The single most-cited reason interview scorecards fail is not that the template is wrong. It is that the team uses the template as a souvenir of the interview rather than as the instrument that drives the decision. The scorecard gets filled in five minutes after the conversation ends, from memory, with the candidate’s name already mentally scored as “yes” or “no”. The scores are reverse-engineered to match the gut-feel verdict. The document gets filed. Nobody is the wiser.
This guide gives you a free interview scorecard template you can copy into Google Sheets, Notion, or a sheet of paper, and explains the discipline that makes it actually work. Both halves matter. The template without the discipline is theater.
Why a scorecard at all
Decades of organizational psychology research show structured interviews predict on-the-job performance substantially better than unstructured ones. The McDaniel et al. (1994) meta-analysis 1 reported criterion-related validity nearly three times higher for structured interviews (.63 vs .20). Schmidt and Hunter’s landmark 1998 synthesis of 85 years of selection research 2 reported a smaller but still substantial advantage (.51 vs .38), and Wingate et al. (2025) re-validated the same direction with modern data 3. The cost of getting this wrong is not academic. SHRM puts the total cost of replacing an employee at 0.5x to 2x the position’s annual salary 4, with the widely-cited “30% of annual salary” figure (commonly attributed to the U.S. Department of Labor) sitting at the floor of that range 5.

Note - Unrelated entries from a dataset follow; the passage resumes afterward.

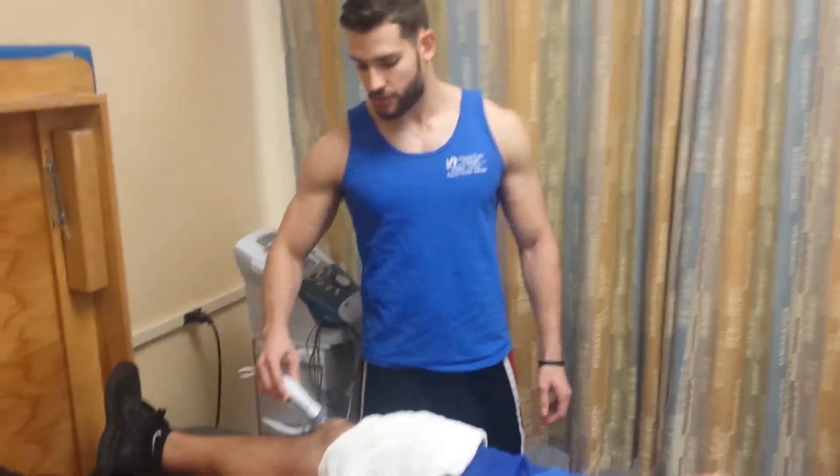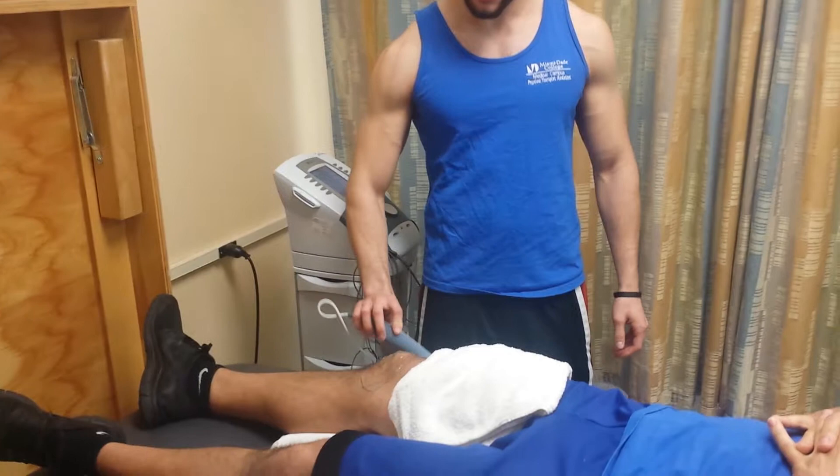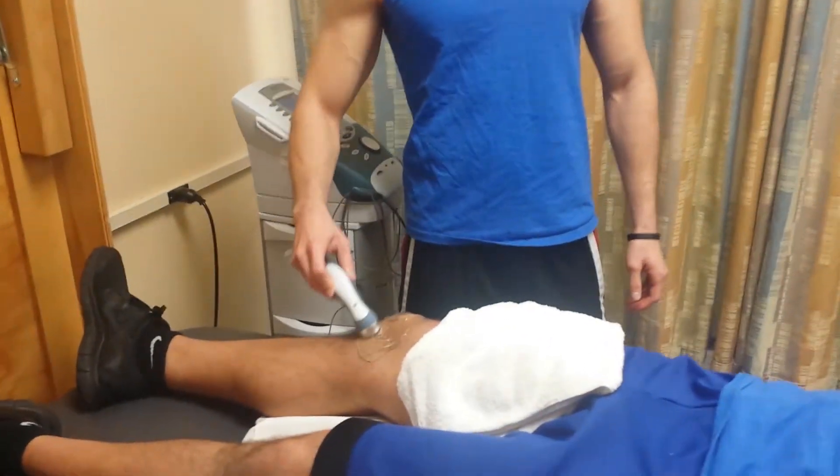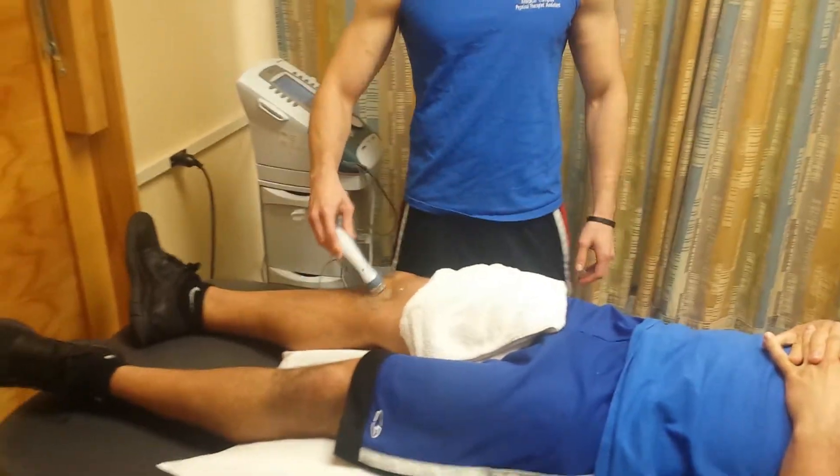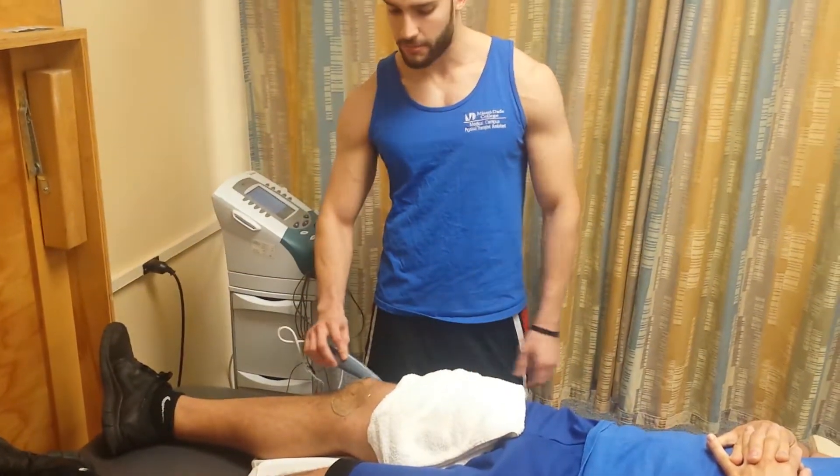So just reassess the area as you're treating the patient. Then after 8 minutes, the machine will shut down. That's the treatment time — 8 minutes.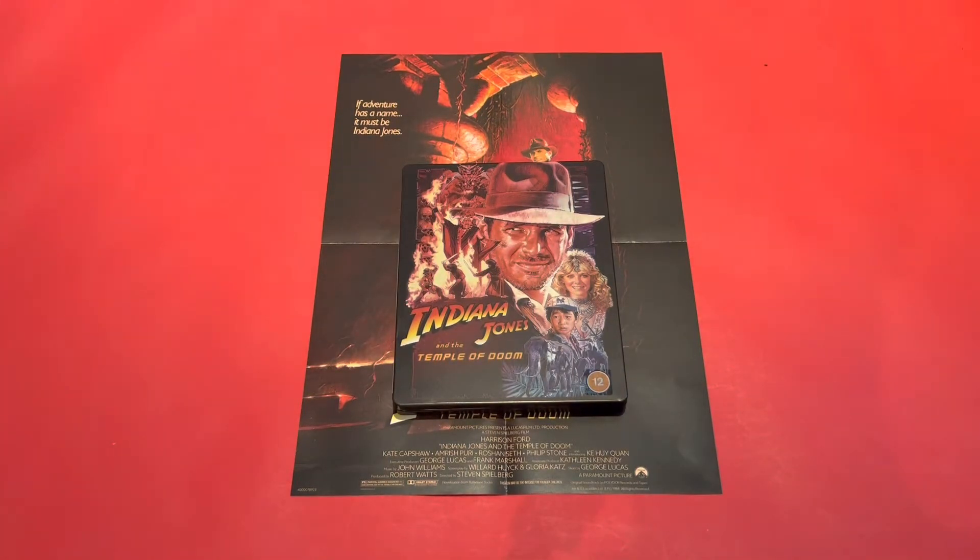Hi guys, Jimmy here, welcome back to my channel. Here is a quick vlog on my latest pickup from Amazon, which is the classic Indiana Jones and the Temple of Doom — the second in the series of Indiana Jones films. Amazon and a few other retailers are doing these with the original artwork but in 4K.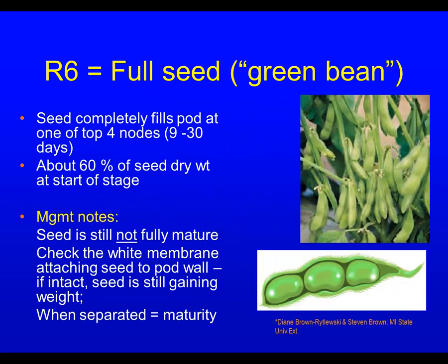Soybeans go through several growth stages. One of the final ones is the full seed stage, what we call R6 — the green bean stage. That's when the seed completely fills the pod out. It's full size, but dry matter is still increasing and replacing some moisture.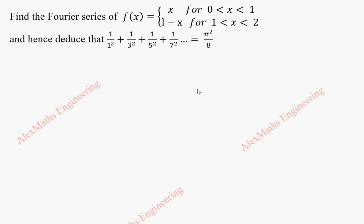Hi students, this is Alex here. In this video we are going to find the Fourier series for the given function f of x, and also we are going to deduce the summation of the given series.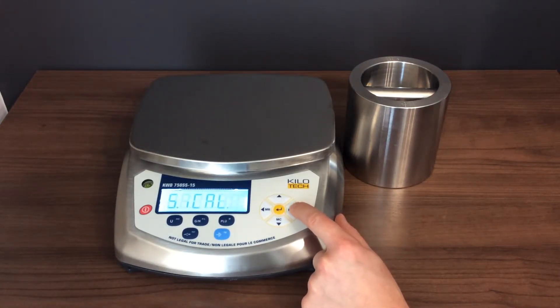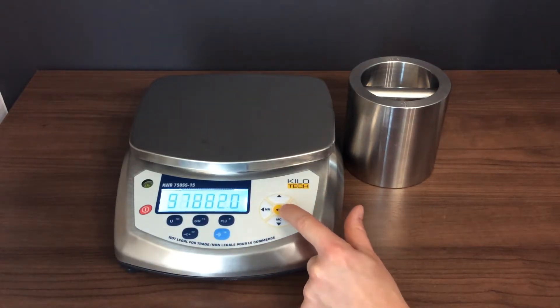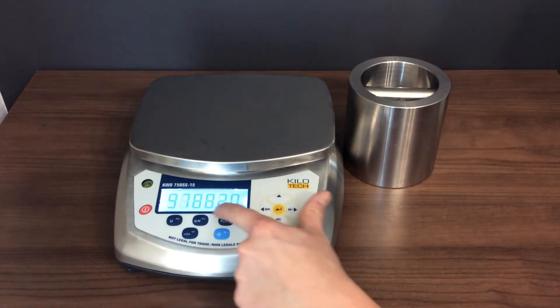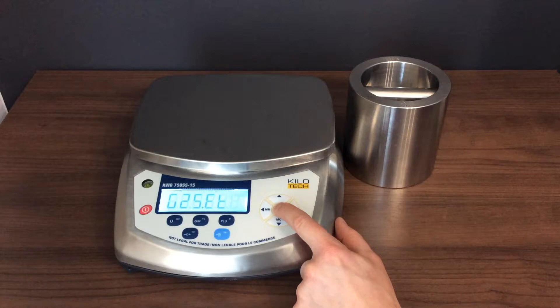Press the right arrow key until the LCD displays G1 SET. Press the ENTER key and take note of the value. Press the ENTER key again, then press the right arrow key. The LCD displays G2 SET.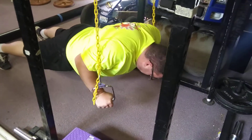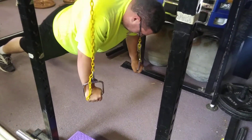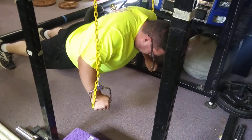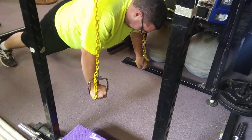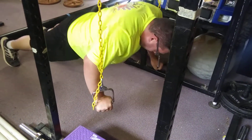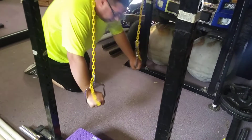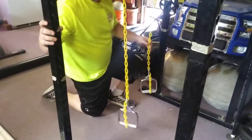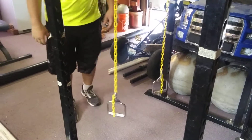Doing some more stability push-ups, raise the handles up a little bit, makes it a little tougher. These are fun, try to work the small muscles in your upper body, try to keep yourself as steady and stable as possible. Yeah, that's a good one, it's a good workout. All right guys, stay tuned for more.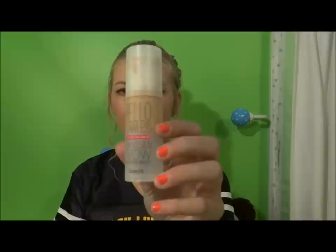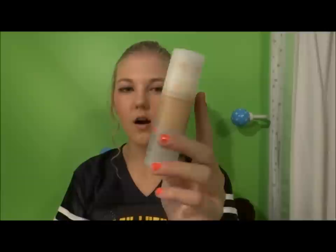Next, I apply my foundation. I usually use this Hello Flawless Oxygen Well Foundation — I'm in love with this. It covers any blemishes you have very well, and it doesn't feel like it's caked on your face at all. I usually apply it using my Clinique Foundation Brush.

Translated: for an $80,000-a-year role, a single bad hire costs the company somewhere between $40,000 and $160,000 (the SHRM 0.5x-2x range), or even more for senior and revenue-touching positions. The scorecard is the single cheapest defense against that cost.
The template
Copy this directly into a spreadsheet, a Notion page, or a doc. One scorecard per candidate per role.
Header block
| Field | Value |
|---|---|
| Candidate | (name) |
| Role | (role title) |
| Interviewer | (name) |
| Date | (date) |
| Interview round | (1, 2, panel, final) |
Criteria block
This is the heart of the scorecard. Define the criteria before you see the first candidate, not while you are filling in the form. Add or remove rows to fit the role; 4 to 6 criteria is the sweet spot.

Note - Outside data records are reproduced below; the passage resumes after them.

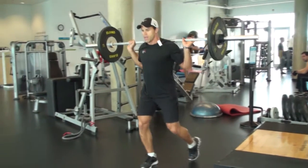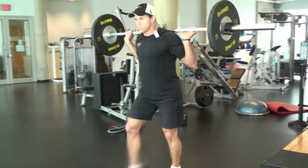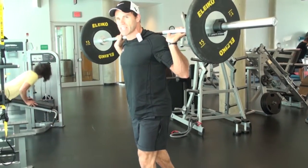1, 2. Use a staggered stance. Squat down strong. Step back up. 1, 2. Plant the other leg forward. Squat strong. It's not a full split squat, but it's definitely staggered.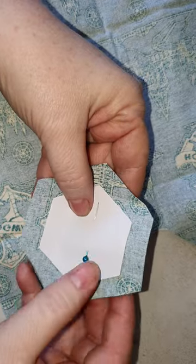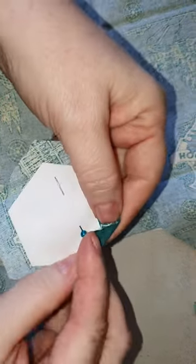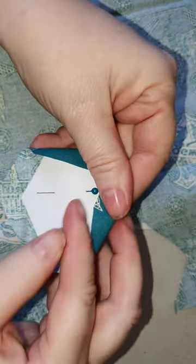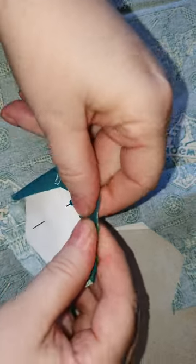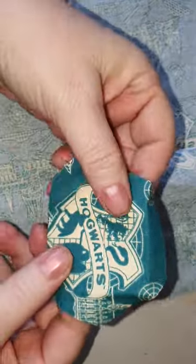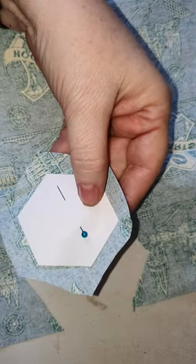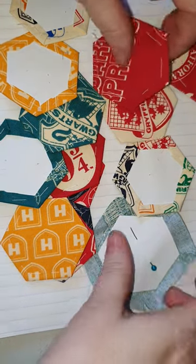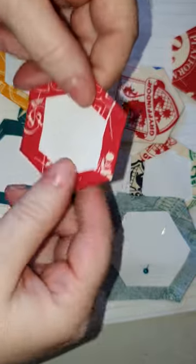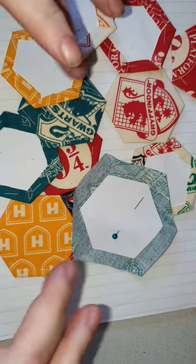That's got a very generous seam allowance around it. I'm not the most precise of people, but it does the trick. So there is a hexi cut out. I like to cut out lots of hexis first and do the tacking around them before I place them, to work out how they're going to be in the final project.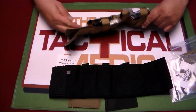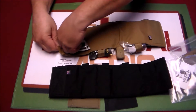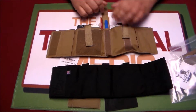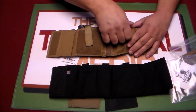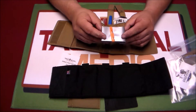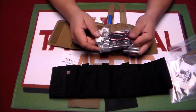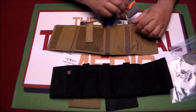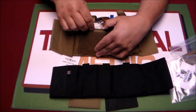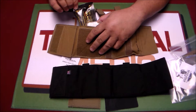Our stocked version ships with the North American Rescue Compact Hi-Fin. We also ship a 14-gauge decompression needle, the H&H Flat Packed Combat Medic Tape, the TK-4L tourniquet, the WoundStop Israeli Bandage, and a dose of Celox Rapid.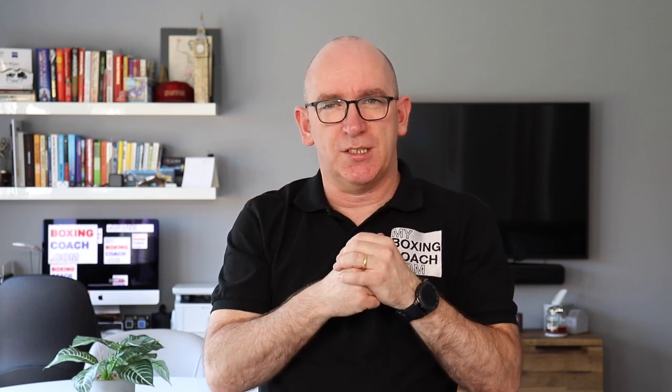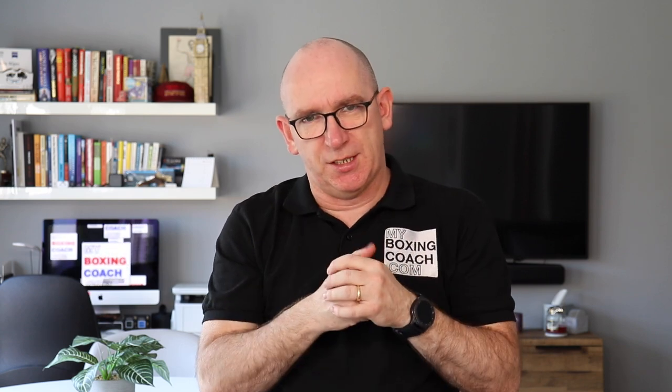That's it. Download your book — the Beginner Boxer Toolkit — there should be a link here. 64 pages packed full of advice, including seven ways to get the most out of your shadow boxing, the five building blocks of punch power, and the top ten skills any boxer needs to know. My name is Fran Sands and this is myboxingcoach.com — take care now.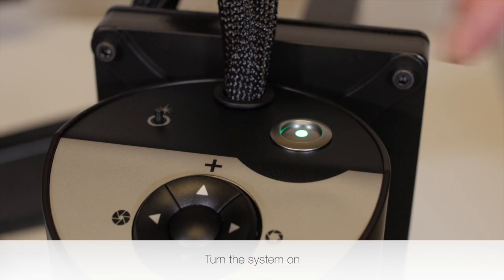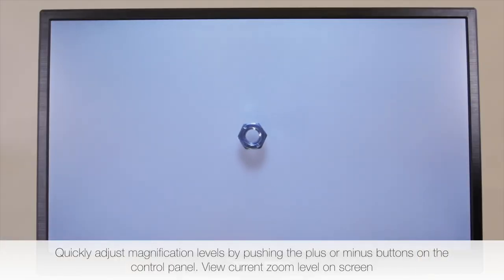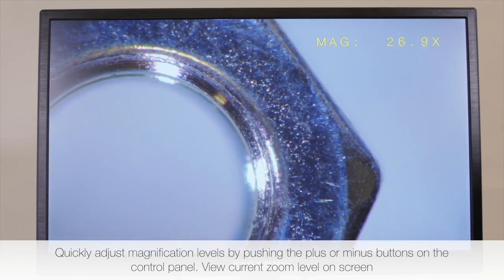Turn the system on. Quickly adjust magnification levels by pushing the plus or minus buttons on the control panel. View current zoom level on screen.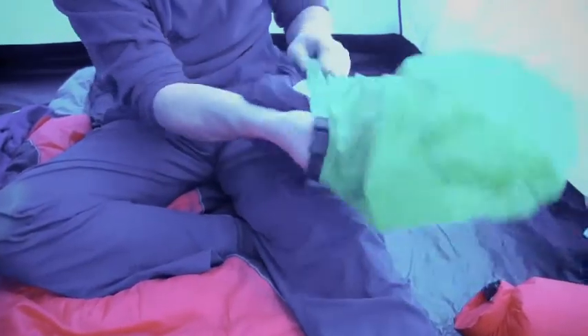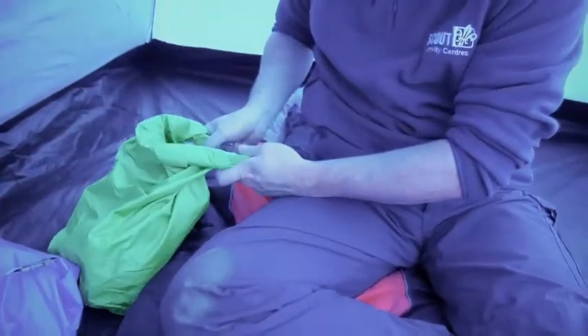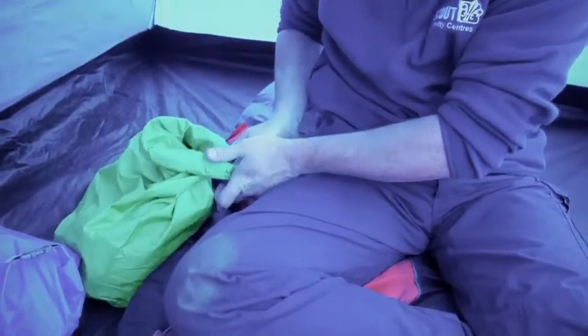Another useful tip is to think about organising all your kit. Here we've got some different coloured dry bags. What you can do is put everything of a similar type into one dry bag and then you know that that's sorted. For instance, this green dry bag has my wash kit in it, and the orange one's got my socks.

| # | Criterion | Weight (1–5) | Evidence (quote what the candidate said) | Evidence quality (Surface / Specific / Tested) | Score (1–5) |
|---|---|---|---|---|---|
| 1 | (e.g. “Has run a B2B negotiation through to close on a deal of $50K+ in the last 24 months”) | ||||
| 2 | (e.g. “Can explain a technical decision to a non-technical stakeholder without losing precision”) | ||||
| 3 | |||||
| 4 | |||||
| 5 | |||||
| 6 |
Decision block
| Field | Value |
|---|---|
| Weighted score | (sum of Score × Weight) |
| Strengths | (one or two sentences, citing evidence) |
| Concerns | (one or two sentences, citing evidence) |
| Open questions for the next round | (gaps where evidence was thin) |
| Recommendation | Strong yes / Yes / Mixed / No / Strong no |
| Rationale (one sentence) | (frame as evidence, not verdict) |
That is the entire template. Sixty seconds to set up. Useless without what comes next.
How to actually use it: the discipline
1. Define criteria first, never during the interview
Open the scorecard before the first candidate is on the call. Decide, with the hiring manager, what the 4 to 6 criteria are, what weight each carries, and what evidence-strong looks like for each one. Write a one-line rubric for each: evidence-strong = the candidate cites a specific deal with named context (industry, size, objection), the action they took, and a measurable outcome. Evidence-weak = generic claim, no example, no numbers.

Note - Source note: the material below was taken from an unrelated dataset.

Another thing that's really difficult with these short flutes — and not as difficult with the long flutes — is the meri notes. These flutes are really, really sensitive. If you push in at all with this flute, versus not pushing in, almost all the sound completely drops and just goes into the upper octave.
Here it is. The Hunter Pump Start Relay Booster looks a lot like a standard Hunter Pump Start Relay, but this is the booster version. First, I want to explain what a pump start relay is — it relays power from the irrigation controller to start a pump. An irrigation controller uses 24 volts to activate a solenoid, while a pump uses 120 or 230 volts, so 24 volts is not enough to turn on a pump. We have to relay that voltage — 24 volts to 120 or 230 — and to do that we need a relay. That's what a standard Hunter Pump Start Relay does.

If you skip this step, the scorecard becomes a post-hoc rationalization. The whole point is to lock the standard before any candidate-specific bias enters the picture.
2. Write evidence during the interview, not from memory after
The most common failure mode is filling in the scorecard from memory five minutes after the call. By that point, what survives is impression, not evidence. The candidate who spoke fluently feels stronger; the candidate who was nervous feels weaker. This is the halo effect documented in decades of cognitive psychology 6: a single positive attribute (verbal fluency, confident posture) contaminates evaluation of every other dimension. The validity numbers earlier in this article are not theoretical: Schmidt & Hunter found unstructured interviews explain less than 15% of the variance in on-the-job performance, meaning a memory-based score is closer to a coin-flip than to a measurement.
Instead: quote the candidate’s actual words in the Evidence column, while the interview is happening. Even short fragments are fine. “Said: led migration of 12-person team from monolith to microservices over 9 months, KPI was deploy frequency, went from weekly to daily.” That is evidence. “Strong technical leadership” is impression.
3. Use the evidence-quality classification
Every quote you capture goes in one of three buckets:
- Surface — the candidate made a generic claim with no specifics. (“I’m a strong leader.”)
- Specific — the candidate gave a concrete example with names, numbers, or detail. (“I led the migration from X to Y over Z months and we hit metric M.”)
- Tested — you challenged the claim and the candidate held up under pressure. (“When I asked what would have been different if the budget had been half, they walked through the trade-off they would have made and named the metric they’d have sacrificed.”)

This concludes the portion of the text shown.